▶ **Input material**:
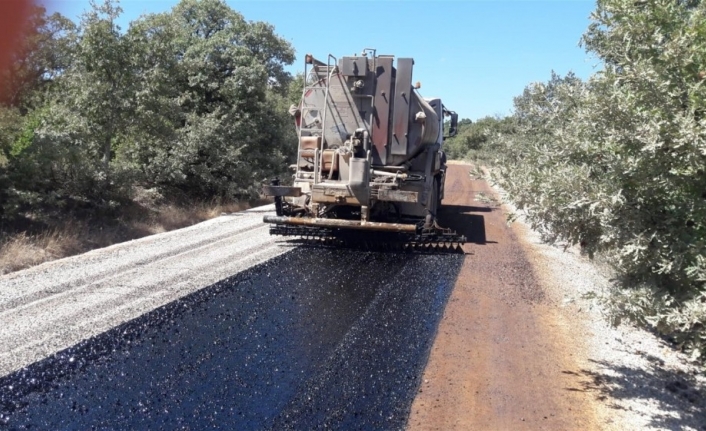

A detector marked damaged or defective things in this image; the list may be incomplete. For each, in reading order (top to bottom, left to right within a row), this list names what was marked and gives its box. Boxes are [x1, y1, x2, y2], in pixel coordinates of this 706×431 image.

rusty metal panel [372, 56, 394, 166]
rusty metal panel [390, 58, 412, 157]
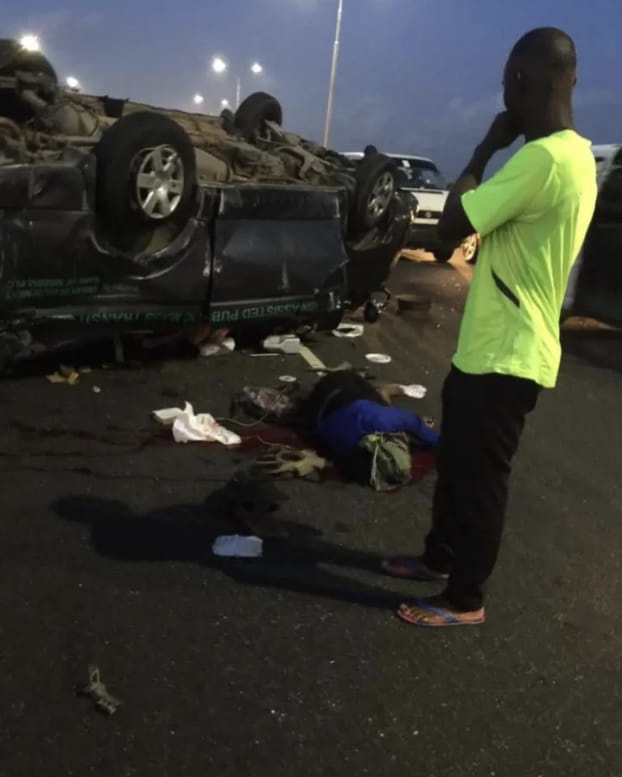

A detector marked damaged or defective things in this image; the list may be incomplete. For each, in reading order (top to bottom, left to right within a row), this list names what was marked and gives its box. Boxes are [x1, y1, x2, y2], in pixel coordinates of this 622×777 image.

overturned vehicle [0, 41, 412, 368]
broken car part on ground [0, 39, 414, 370]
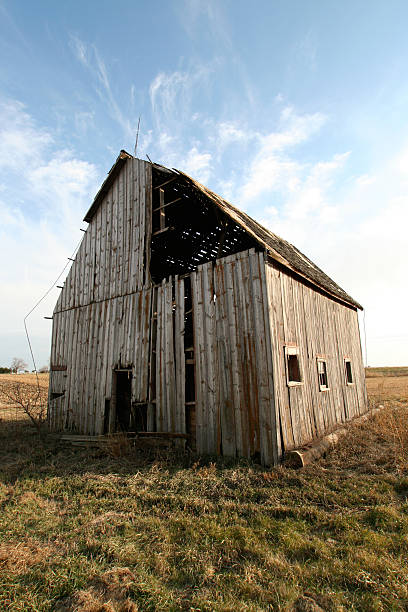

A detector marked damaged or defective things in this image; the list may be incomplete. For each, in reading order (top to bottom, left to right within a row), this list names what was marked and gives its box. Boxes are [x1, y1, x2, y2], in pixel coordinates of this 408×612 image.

broken window [286, 346, 302, 384]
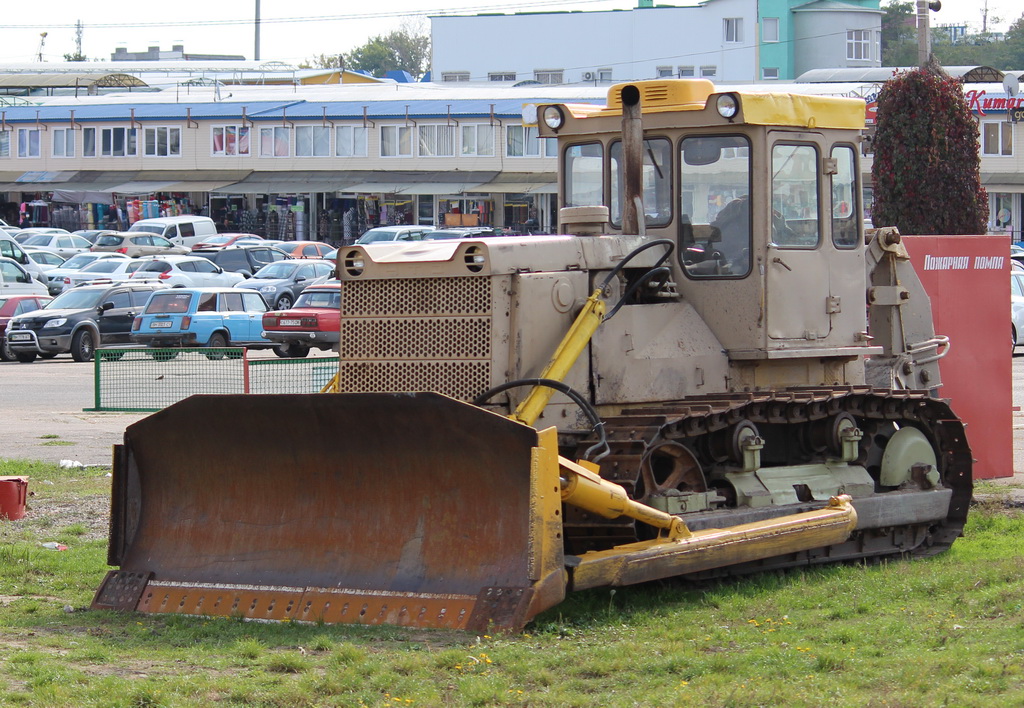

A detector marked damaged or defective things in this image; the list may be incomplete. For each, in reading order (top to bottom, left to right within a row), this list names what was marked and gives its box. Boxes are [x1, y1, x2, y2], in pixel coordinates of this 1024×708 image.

rusty dozer blade [95, 393, 569, 631]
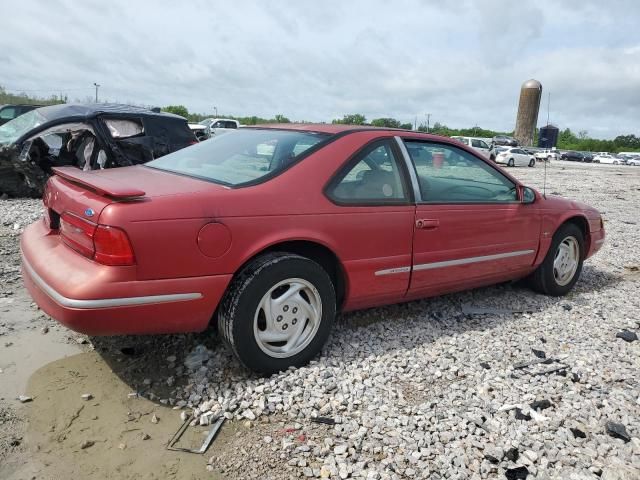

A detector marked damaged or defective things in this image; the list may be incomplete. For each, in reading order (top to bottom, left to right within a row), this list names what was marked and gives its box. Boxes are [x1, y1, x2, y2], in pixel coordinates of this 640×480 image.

broken car body [0, 103, 195, 197]
damaged black car [0, 103, 196, 197]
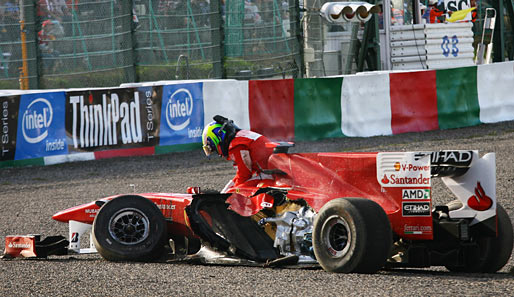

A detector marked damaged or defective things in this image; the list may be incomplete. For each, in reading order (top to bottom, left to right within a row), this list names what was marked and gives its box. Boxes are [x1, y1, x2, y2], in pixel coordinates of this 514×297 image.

detached wheel [90, 195, 166, 260]
crashed race car [10, 144, 510, 272]
detached wheel [310, 198, 390, 272]
detached wheel [442, 200, 510, 272]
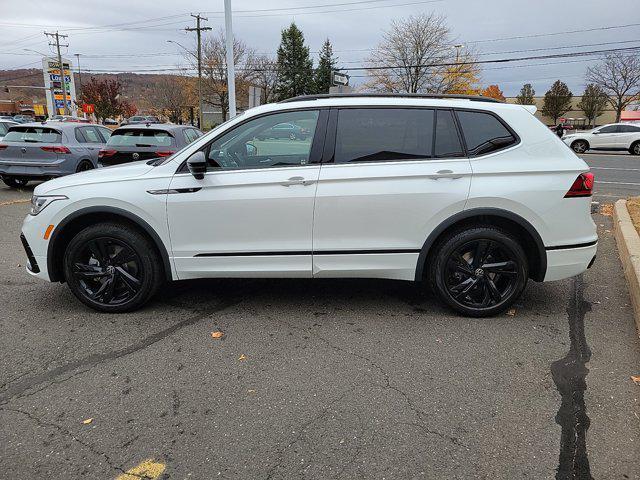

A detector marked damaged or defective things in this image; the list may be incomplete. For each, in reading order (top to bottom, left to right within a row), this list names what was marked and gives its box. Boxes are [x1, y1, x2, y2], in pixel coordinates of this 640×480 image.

pavement crack [0, 298, 240, 406]
pavement crack [552, 274, 596, 480]
pavement crack [2, 404, 129, 476]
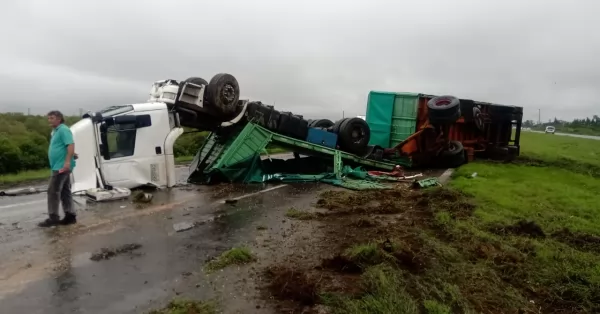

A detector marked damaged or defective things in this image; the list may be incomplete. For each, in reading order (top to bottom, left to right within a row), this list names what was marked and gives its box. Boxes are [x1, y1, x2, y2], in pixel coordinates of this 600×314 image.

overturned truck [68, 73, 524, 194]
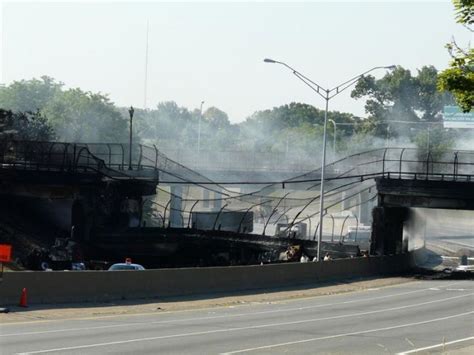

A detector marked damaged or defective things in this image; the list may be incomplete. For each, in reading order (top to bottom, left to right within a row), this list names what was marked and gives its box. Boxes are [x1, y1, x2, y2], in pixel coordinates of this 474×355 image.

burned tanker wreckage [0, 141, 382, 270]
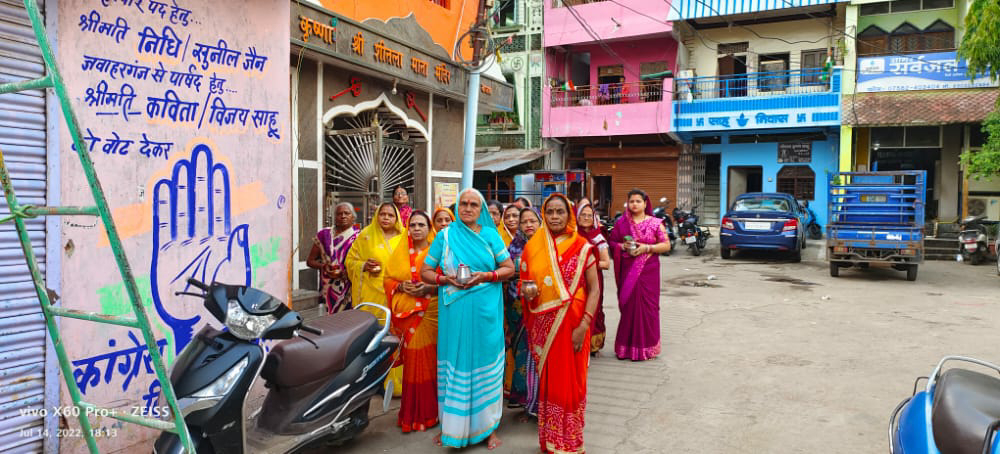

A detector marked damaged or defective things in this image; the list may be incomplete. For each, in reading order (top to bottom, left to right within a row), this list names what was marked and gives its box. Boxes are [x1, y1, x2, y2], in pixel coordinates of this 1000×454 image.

rusted shutter [0, 1, 46, 452]
rusted shutter [588, 158, 676, 216]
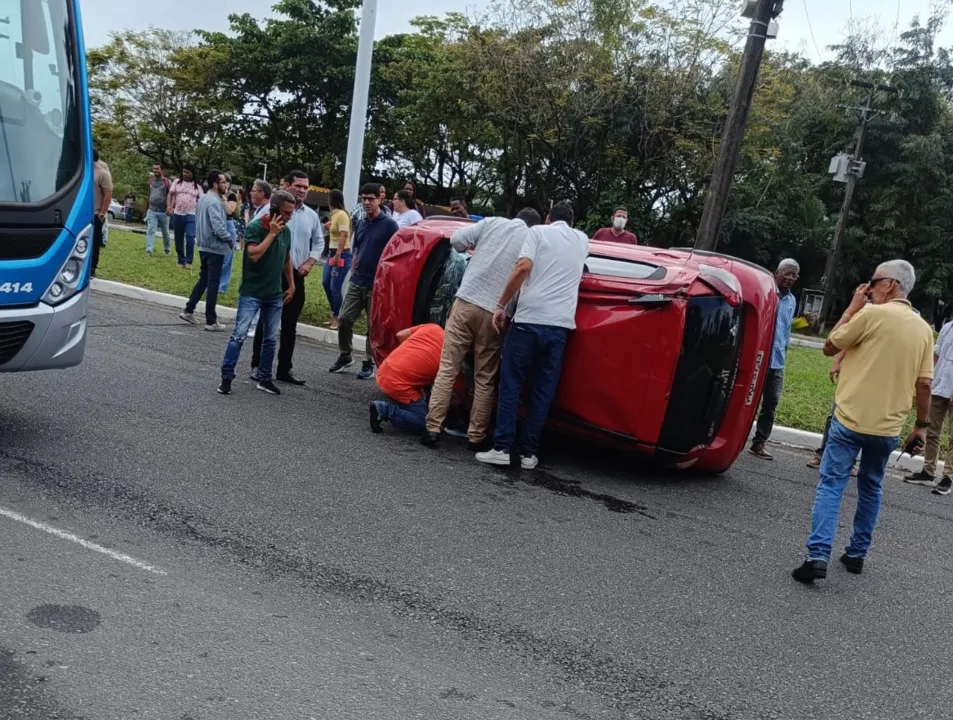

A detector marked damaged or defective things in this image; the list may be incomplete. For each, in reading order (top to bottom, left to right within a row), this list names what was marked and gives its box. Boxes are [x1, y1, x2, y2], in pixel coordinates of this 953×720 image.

overturned red car [368, 217, 776, 476]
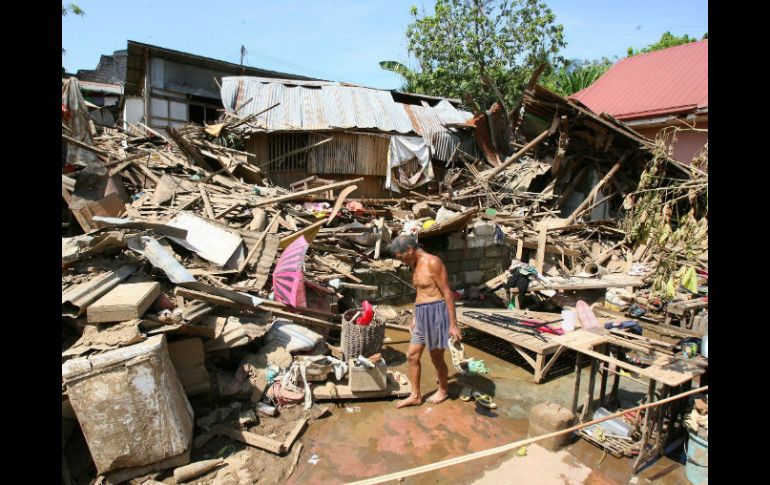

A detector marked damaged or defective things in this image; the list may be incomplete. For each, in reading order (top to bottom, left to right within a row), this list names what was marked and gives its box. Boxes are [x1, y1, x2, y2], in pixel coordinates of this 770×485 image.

broken furniture [548, 328, 704, 470]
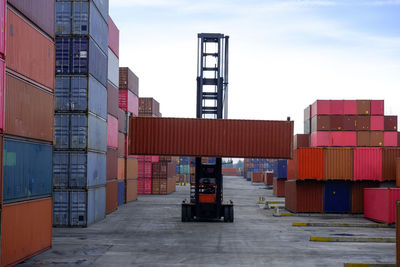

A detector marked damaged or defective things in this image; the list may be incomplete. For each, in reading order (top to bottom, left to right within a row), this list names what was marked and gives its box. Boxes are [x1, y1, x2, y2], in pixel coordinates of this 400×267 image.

rust stain on container [6, 8, 54, 90]
rust stain on container [4, 73, 53, 142]
rust stain on container [130, 118, 292, 159]
rust stain on container [324, 148, 354, 181]
rust stain on container [380, 149, 400, 182]
rust stain on container [286, 180, 324, 214]
rust stain on container [352, 181, 380, 215]
rust stain on container [1, 198, 52, 266]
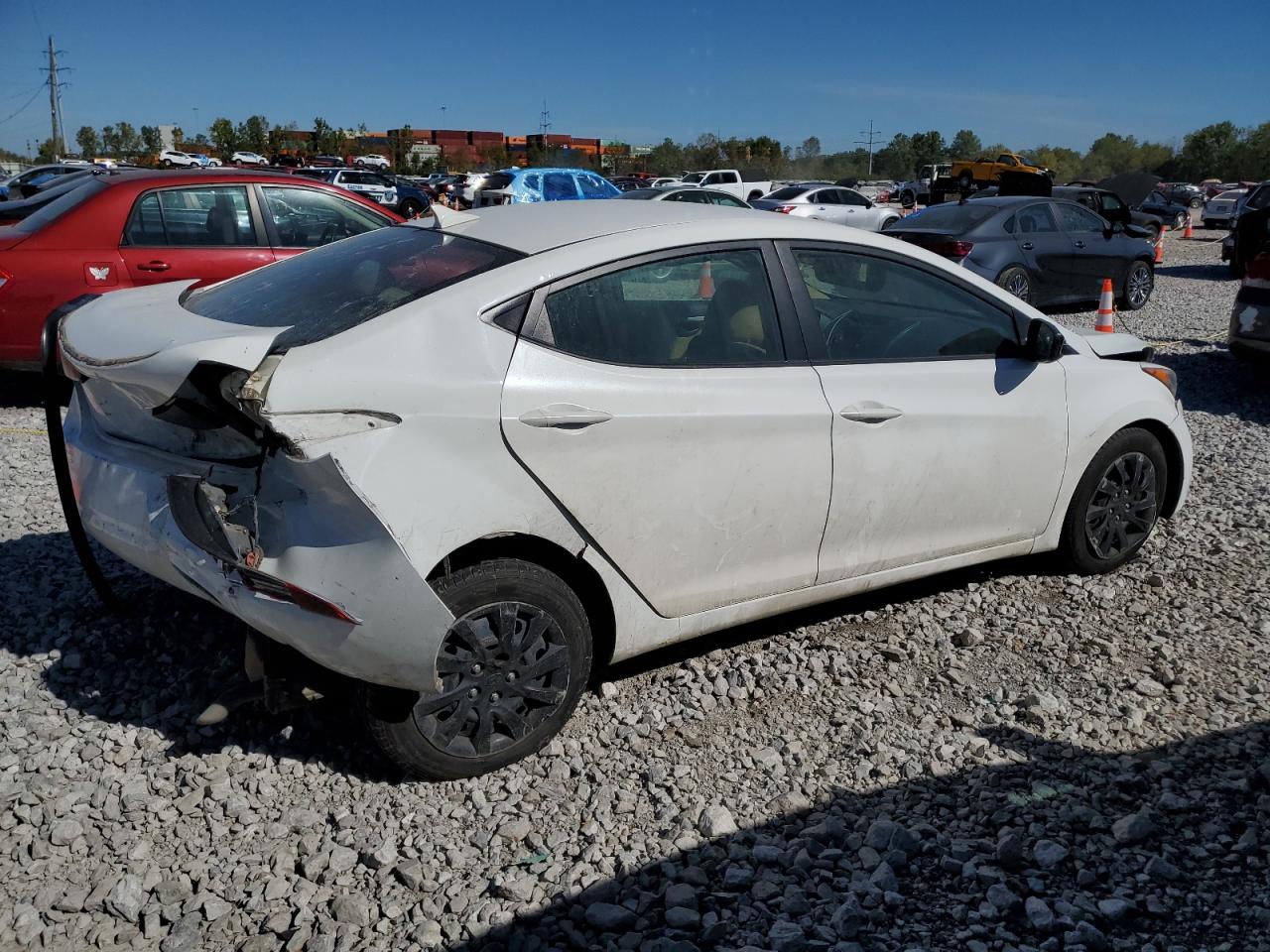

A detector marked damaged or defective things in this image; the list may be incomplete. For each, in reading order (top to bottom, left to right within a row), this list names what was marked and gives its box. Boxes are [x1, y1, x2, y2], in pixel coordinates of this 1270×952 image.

▶ **How to complete this task**:
Could you copy exactly, and with no pictures, the lines above from the one containing "this 953×720 image." through the last line, both included?

▶ **Solution**:
A detector marked damaged or defective things in this image; the list may be incomplete. For each, in reading order (top to bottom, left to right within a row), this list names what was marked and gives its box. Boxes are [x1, y1, x2, y2], in pixel coordinates of this 953×720 image.

overturned red car [368, 217, 776, 476]

A detector marked damaged or defective things in this image; the list may be incomplete. For each, in reading order (top to bottom, left to right within a row), this list names what was marked and gives its box. Boxes are [x1, y1, x2, y2], in pixel coordinates of this 770×485 image.

broken furniture [548, 328, 704, 470]

A detector marked damaged or defective things in this image; the list may be incomplete. For each, in reading order (top to bottom, left to right within a row), this list names what was marked and gives its box. Boxes are [x1, y1, x2, y2], in pixel coordinates of this 400×267 image.

rust stain on container [6, 8, 54, 90]
rust stain on container [4, 73, 53, 142]
rust stain on container [130, 118, 292, 159]
rust stain on container [324, 148, 354, 181]
rust stain on container [380, 149, 400, 182]
rust stain on container [286, 180, 324, 214]
rust stain on container [352, 181, 380, 215]
rust stain on container [1, 198, 52, 266]

A detector marked damaged or defective things in this image; the list may be incomplete. For each, in reading order (top to bottom, left to right within a row), this list names what was marked and gives its box. Boxes are [x1, y1, x2, y2], in pixel coordinates of this 1270×952 image.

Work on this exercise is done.